Un altro elemento che si inserisce nella crisi del capitalismo è la
conformazione del quadro internazionale. L'estensione improvvisa
dell'area di ingerenza dell'imperialismo, dopo la disgregazione
dell'URSS, ha avviato grandi tensioni, ha innescato conflitti armati in
diverse zone dell'Europa e dell'Asia (Tagikistan, Azerbaigian, Georgia,
Moldavia, Cecenia, Armenia, Bosnia, Albania, Jugoslavia) e ha spinto le
potenze occidentali a sbilanciarsi apertamente per pianificare e
realizzare i progetti di occupazione militare diretta anche in queste
aree. L'allargamento della NATO verso Est è già di per sé l'ammissione
esplicita degli intenti dell'imperialismo. Lo si è visto con la barbara
aggressione che hanno subito i popoli dei Balcani ad opera delle forze
imperialiste della NATO. Nell'orbita di gravità dell'Alleanza atlantica
sono entrati tutti i paesi di quello che fu il Patto di Varsavia,
compresa la Russia, all'interno della quale, con la formula della
partnership for peace, anch'essa collegata alla NATO, i militari delle
potenze imperialiste si esercitano con operazioni di pronto intervento.
Il dispositivo bellico del capitale si allarga dunque a macchia d'olio e
mette a segno interventi armati in tutte le aree di crisi, come in
Jugoslavia, dove l'Italia fornisce un appoggio logistico alle mire
egemoniche di diversi paesi imperialisti, Stati Uniti in testa.
Nel sistema dei rapporti internazionali gli USA rivestono ancora il
ruolo di massima potenza, ma appare chiaro che nuove forze si propongono
per il controllo delle risorse naturali sulle aree strategiche del
mondo.
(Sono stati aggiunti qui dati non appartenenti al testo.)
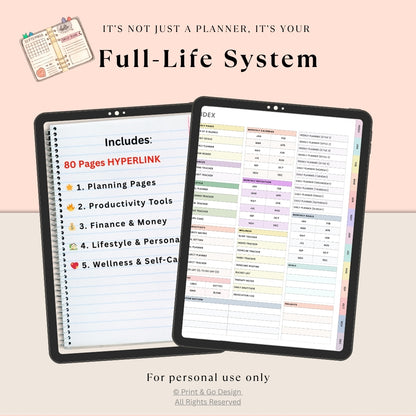 The Ultimate Life-System Digital Planner | 80+ Hyperlinked Pages | Compatible with GoodNotes, Noteshelf, Xodo & PDF for GoodNotes & iPad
Le nazioni sconfitte nell'ultimo conflitto mondiale oggi
influenzano in modo determinante l'economia internazionale e risentono
esse stesse della crisi generale del sistema capitalistico. La Germania,
alle prese con un tasso di disoccupazione che ha un riscontro solo nel
periodo postbellico, svolge in Europa il ruolo di principale potenza
economica ed ha già consolidato una sua vasta zona di influenza, esige
un seggio permanente al consiglio di sicurezza dell'ONU e mobilita
propri contingenti armati con le cosiddette operazioni di peace keeping.
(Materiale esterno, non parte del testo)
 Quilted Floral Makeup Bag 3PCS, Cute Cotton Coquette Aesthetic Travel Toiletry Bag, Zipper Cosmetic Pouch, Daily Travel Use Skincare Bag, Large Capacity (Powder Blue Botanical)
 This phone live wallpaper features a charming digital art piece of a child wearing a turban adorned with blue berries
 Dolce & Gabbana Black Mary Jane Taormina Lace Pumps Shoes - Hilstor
Il Giap pone, scosso da una crisi finanziaria eccezionale, si pone come
seconda potenza economica mondiale, e pretende di rivendicare un
maggior peso politico nelle controversie internazionali. In Asia
l'espansione economica della Cina (nella quale affluiscono massicci
capitali occidentali, permettendo alle multinazionali di realizzare
straordinari profitti per il minor costo di produzione di molti beni di
consumo) accende ulteriori elementi di contrasto commerciale in un
bacino in cui si confrontano altre grandi potenze economiche già
affermate o emergenti. In questo mercato sempre più affollato di
"venditori di merci" gli USA assumono sempre più la veste di consumatori
piuttosto che di produttori (ne è prova il pesante deficit commerciale
che viaggia intorno ai 350 miliardi di dollari). Rimane a questa nazione
la leadership nei settori più sofisticati della scienza e della
tecnologia, ma, soprattutto, detiene saldamente il ruolo di gendarme
mondiale, al quale non rinuncia, pur in presenza al proprio interno di
una situazione sociale gravissima, continuando ad orientare una parte
consistente della spesa pubblica al mantenimento del suo potente
apparato militare. In questo scenario di guerra allo stato latente (ma
che già preannuncia uno scontro aperto di grandi dimensioni), il
capitale, proseguendo senza sosta nella sua folle politica di
sfruttamento degli uomini e delle risorse naturali, attesta che è in
corso un'altra spartizione del mondo.